Short web captions
# # #

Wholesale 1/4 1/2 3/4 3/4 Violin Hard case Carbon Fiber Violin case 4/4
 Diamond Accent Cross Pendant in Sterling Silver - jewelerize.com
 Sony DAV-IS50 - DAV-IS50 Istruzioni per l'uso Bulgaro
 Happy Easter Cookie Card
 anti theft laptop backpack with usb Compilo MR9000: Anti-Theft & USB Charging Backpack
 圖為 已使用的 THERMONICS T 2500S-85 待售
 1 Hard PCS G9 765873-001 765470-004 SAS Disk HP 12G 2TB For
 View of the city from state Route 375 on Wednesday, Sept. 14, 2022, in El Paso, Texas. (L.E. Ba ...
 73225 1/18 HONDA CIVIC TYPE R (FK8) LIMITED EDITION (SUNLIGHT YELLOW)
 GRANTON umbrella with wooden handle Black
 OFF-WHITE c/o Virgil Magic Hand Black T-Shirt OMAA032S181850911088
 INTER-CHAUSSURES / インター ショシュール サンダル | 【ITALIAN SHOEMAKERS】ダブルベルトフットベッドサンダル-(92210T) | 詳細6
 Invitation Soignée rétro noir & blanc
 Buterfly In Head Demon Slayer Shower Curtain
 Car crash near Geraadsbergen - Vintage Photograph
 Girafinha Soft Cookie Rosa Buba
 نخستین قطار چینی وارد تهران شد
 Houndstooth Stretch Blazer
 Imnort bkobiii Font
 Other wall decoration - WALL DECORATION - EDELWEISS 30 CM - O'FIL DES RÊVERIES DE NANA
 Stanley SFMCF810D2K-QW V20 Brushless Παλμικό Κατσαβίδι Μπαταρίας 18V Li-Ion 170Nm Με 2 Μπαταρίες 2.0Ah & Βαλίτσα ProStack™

# # #

Activity:
From the entries above, copy every line containing the word "Hard".

Task answer:
Wholesale 1/4 1/2 3/4 3/4 Violin Hard case Carbon Fiber Violin case 4/4
 1 Hard PCS G9 765873-001 765470-004 SAS Disk HP 12G 2TB For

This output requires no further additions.